Henderson, N.C. — Officials are speaking out against fliers mailed to some Henderson residents that include a racial epithet and calls for "white workers to rise up" against crimes by blacks.
The flier from the American National Socialist Workers Party makes reference to several incidents, including a June incident in Granville County.
According to Oxford police, former Henderson police officer Anthony Dale "Tony" Finch, who is white, waved a gun and shouted racial slurs at James Maye and Dionne Hensley, who are black. Police charged Finch with ethnic intimidation and pointing a firearm at the couple.

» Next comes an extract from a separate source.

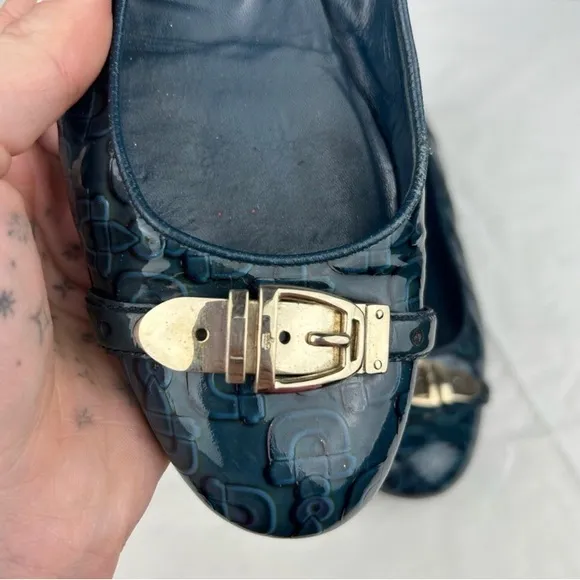Gucci Blue Patent Leather Flats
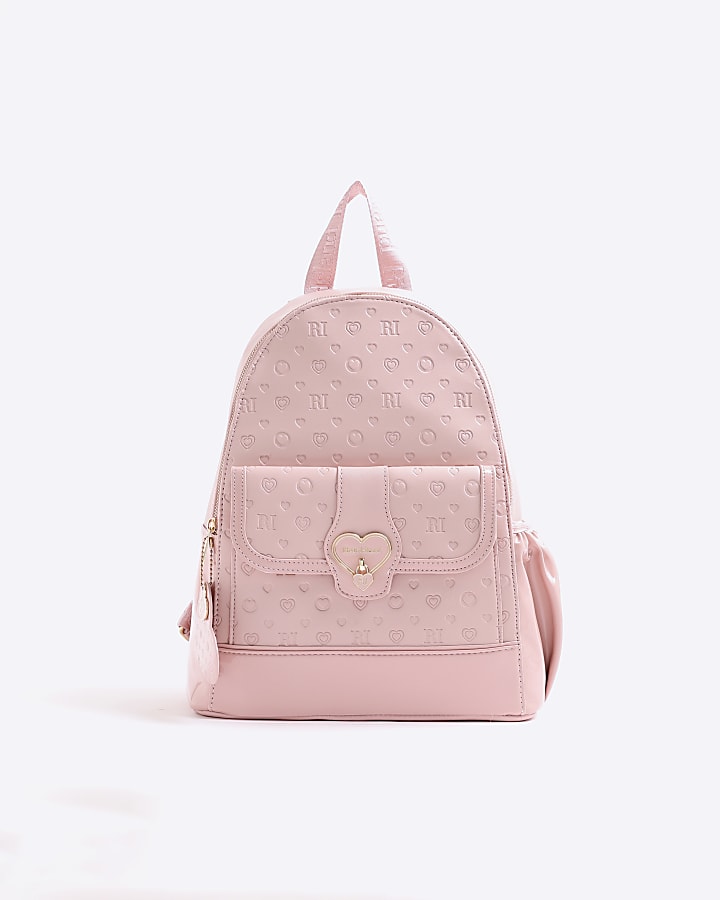 River Island Girls Pink Heart Lock Pocket Backpack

The flier, which gives the home addresses of Maye, Granville County District Attorney Sam Currin and several people who associate with the NAACP, urges people to contact those involved in the case and "let them know you won't tolerate another white victim of black crime and Jewish slander."
"We will not and cannot tolerate domestic terrorism, witness intimidation or 'incitable' speech that has a history of leading to acts of violence," said the Rev. Dr. William Barber, president of the North Carolina NAACP.
Henderson Mayor Donald "Clem" Seifert Jr. denounced the fliers, saying he does not want them in his community.
He called Henderson a diverse community where, for the most part, people get along. Seifert said the last thing they need is a group coming in from outside, stirring up emotions and essentially trying to drive a wedge between people.
“My first reaction is to ball it up and throw it in the trash can,” he said. “I doubt that when our forefathers were writing the Constitution, this is the kind of crap they were trying to protect.”
What’s most concerning, Seifert said, is that the members of the group promised to come to Henderson and rally. They don’t name a specific date, but their flier said they’re coming in the near future.
“I really hope they don’t,” Seifert said. “They need to … go back to where they came from.”
Henderson business owner Patricia Newhouse said she was also unhappy about the mass mailing.
“No community needs this kind of bad publicity,” she said. “No community needs anybody that is going to spread divisiveness instead of unity.”
Terry Garrison is president of the Vance County chapter of the NAACP. He was not pleased that the mailer listed the names, phone numbers and home addresses of people involved.
“It’s very intimidating and very threatening,” he said. “I’m not an attorney, but it certainly seems to be an invasion of one's privacy.”